そこで、善悪とは何なのか、何によって生じるのか、仏教においての善悪の解釈を教えて頂けませんでしょうか?

今まで善悪についてあまり考えず、周りに流されてきた気がしています。

よろしくお願い致します。


【拙回答】

「二諦」について

川口英俊でございます。問いへの拙生のお答えでございます。

誠にモノ・コトの本質的なことにつきましてのご質問であるのではないかと存じます。

まず、自我も善悪も、実体としては無い「空」なるものがその本質となります。

もちろん、それらは、何も無いという虚無・絶無ではなく、他に依存すること、つまり、「縁って起こっているもの」として「縁起」にて成り立っているものであると説明することにはなります。

ですので、自我も善悪も一応、「縁起」的には成立しているものと考えることができます。

しかし、問題は、では、「縁起」的には成立しているものであるとしても、正しくそのモノ・コトのありようを措定するにあたっては、「無明」(根本的な無知)の対治において、「ある」ものを「ない」としてしまっている錯誤、「ない」ものを「ある」としてしまっている錯誤について、いったい、何を否定して、何を肯定するべきであるのか、あるいは、何を否定するにしてもどこまでとなるのか、何を肯定するにしてもどこまでになるのか、そのことを論理的、合理的に明確にしていかなければならないのでございます。

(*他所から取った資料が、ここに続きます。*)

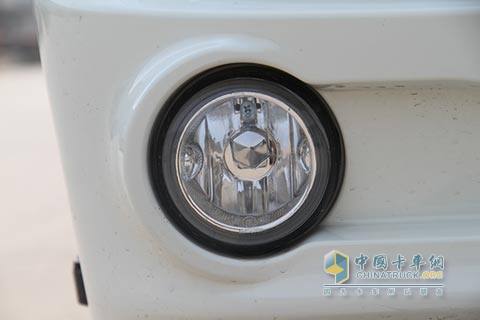 上汽躍進(jìn)小福星S50輕卡載貨車（汽油版）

では、その正しいモノ・コトのありようを措定するために必要となる仏教の基準が何であるかと申しますと、「二諦」という考え方となります。

それは、最高の究極的な真理を示す教えとしての「勝義諦」(しょうぎたい)と、世間世俗の真理に留めて説かれている教え、方便としてお説きになられている教えとしての「世俗諦」(せぞくたい)という、二つの真理のありようを正しく理解することによって、一切のモノ・コトについても、正しく設定することが可能になるというものでございます。

その「二諦」の基準についての詳細をここで述べるには制限字数の関係や煩雑な説明に陥る恐れがあるため、避けさせて頂きますが、是非、これから仏教を学び修されていかれるに際しては、この「二諦」についても意識して修習なされて頂けましたら有り難くに存じます。